# Material shown:

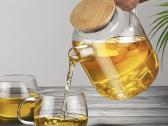 1.8l Borosilicate Glass Teapot with Filter – Heat - nuotraukos Nr. 3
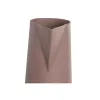 Maljakko DKD Home Decor 15 x 11 x 45 cm Beige Pinkki Rauta (2 osaa)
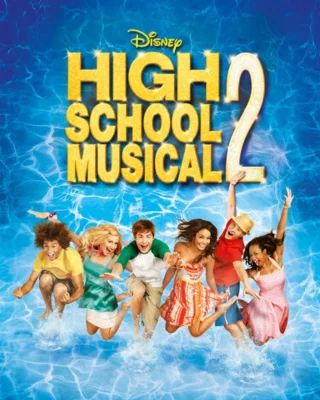 High School Musical 2 (2007) [1080p] WEB-DL [Latino-Castellano-Ingles]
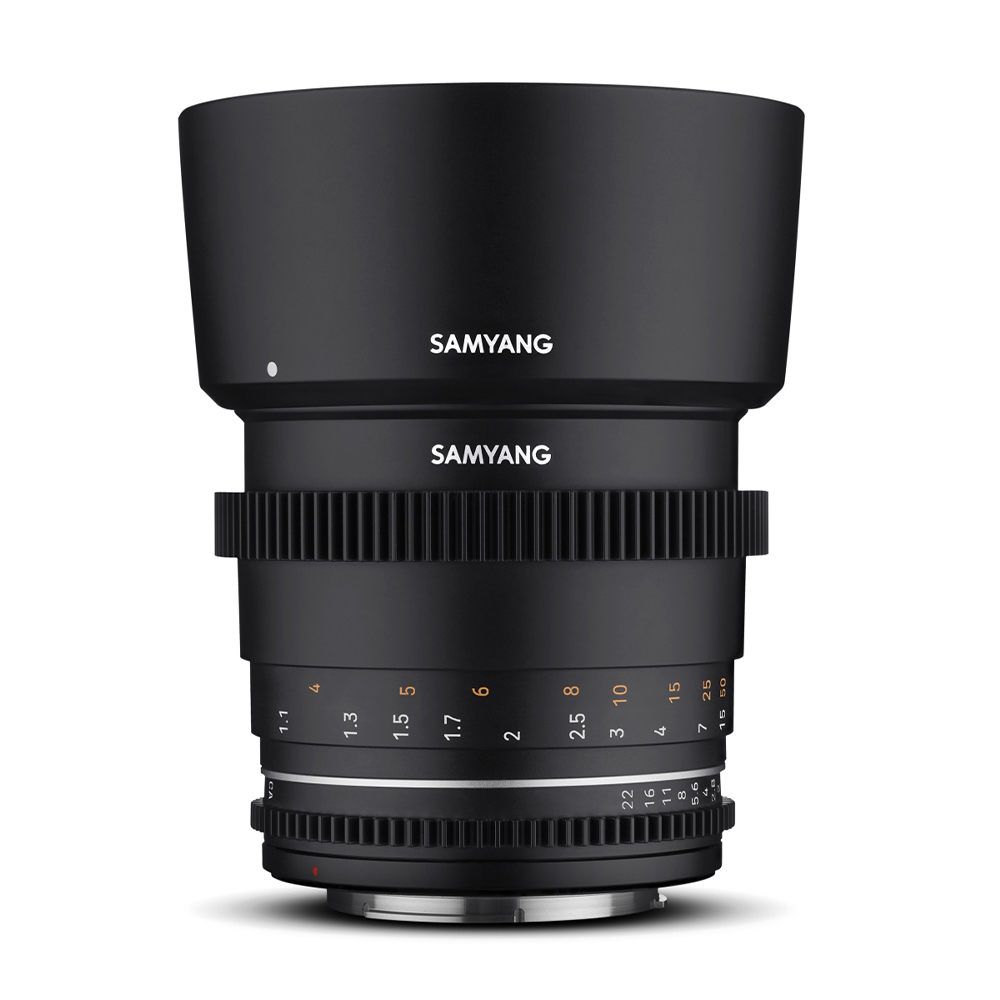 Samyang - MF 85mm T1,5 VDSLR MK2 mit MFT-Mount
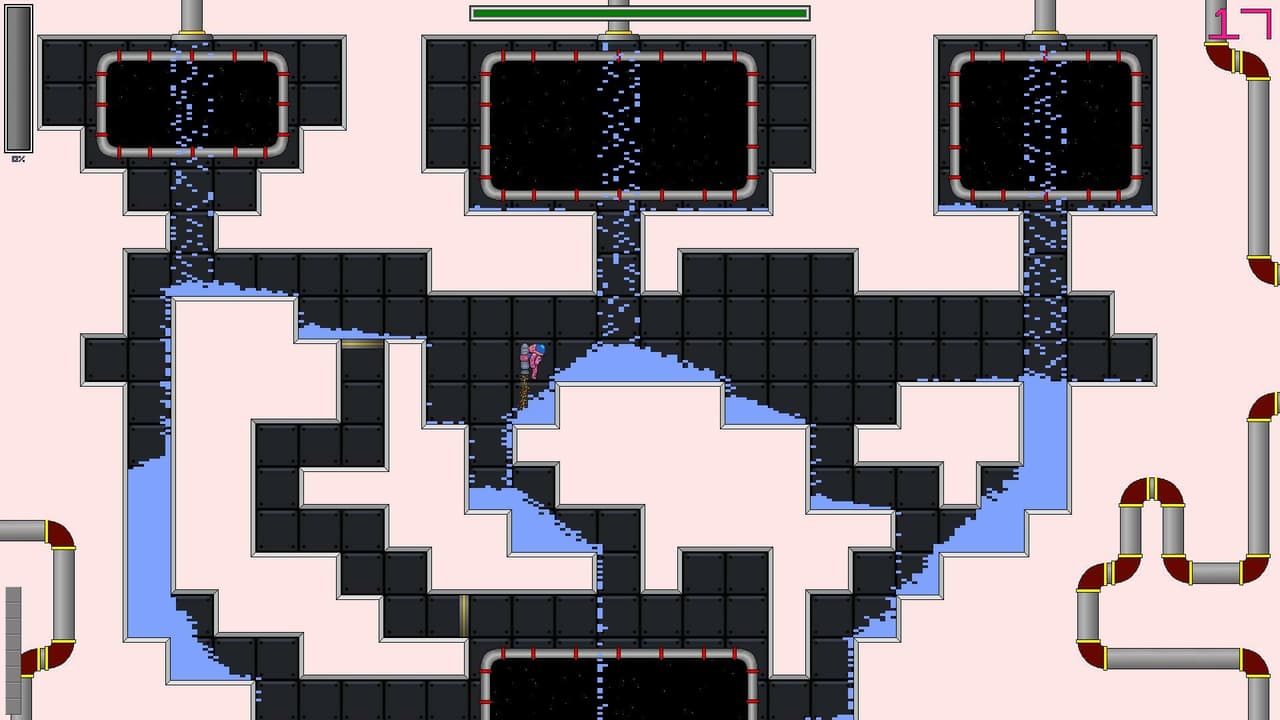 Spacegirl screenshot 2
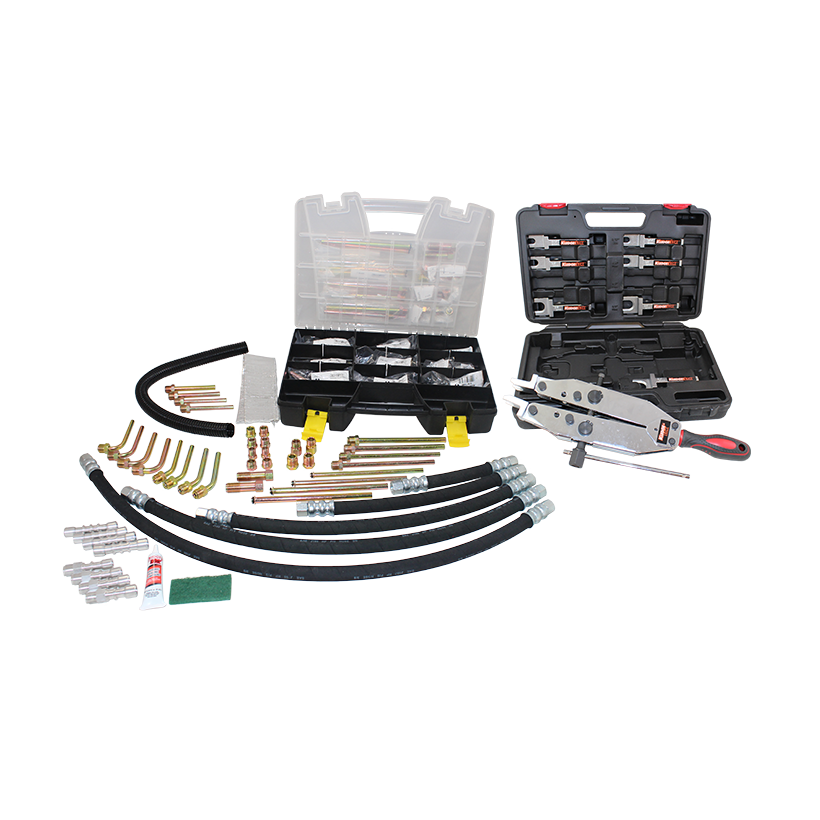 Power Steering, Repair Kit, Master Kit (includes tacklebox, hoses, and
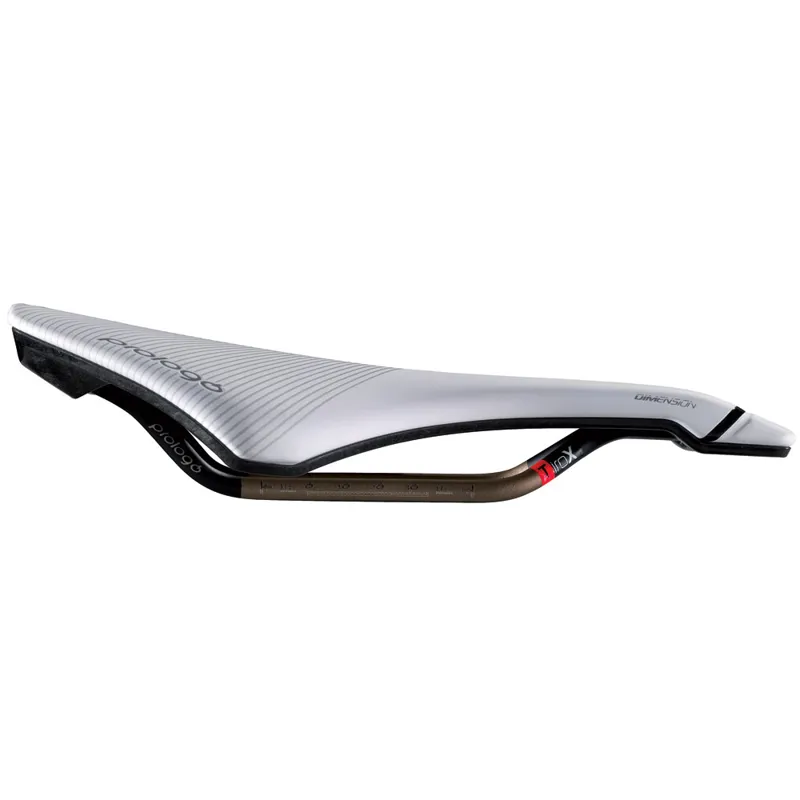 Prologo Dimension PAS Tirox Saddle 143 in White-1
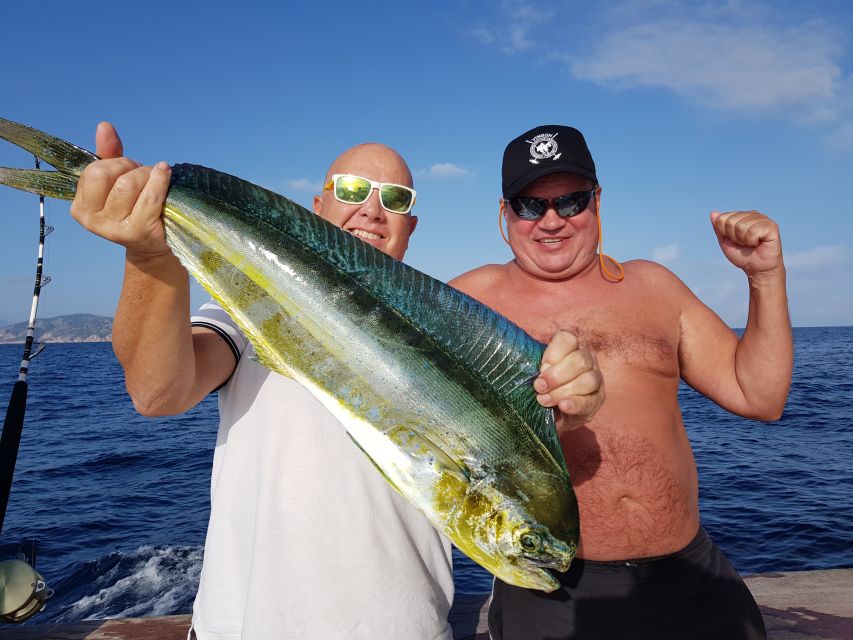 Fishing Boat Trip in Mallorca - Catch expectations: where the highs are big, and the quiet days happen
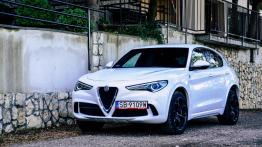 Alfa Romeo Stelvio Quadrifoglio - galeria redakcyjna - widok z przodu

# Task directions:
From the line containing "High School Musical" down to the end of the data above, reproduce each line exactly; no pictures.

# Result:
 High School Musical 2 (2007) [1080p] WEB-DL [Latino-Castellano-Ingles]
 Samyang - MF 85mm T1,5 VDSLR MK2 mit MFT-Mount
 Spacegirl screenshot 2
 Power Steering, Repair Kit, Master Kit (includes tacklebox, hoses, and
 Prologo Dimension PAS Tirox Saddle 143 in White-1
 Fishing Boat Trip in Mallorca - Catch expectations: where the highs are big, and the quiet days happen
 Alfa Romeo Stelvio Quadrifoglio - galeria redakcyjna - widok z przodu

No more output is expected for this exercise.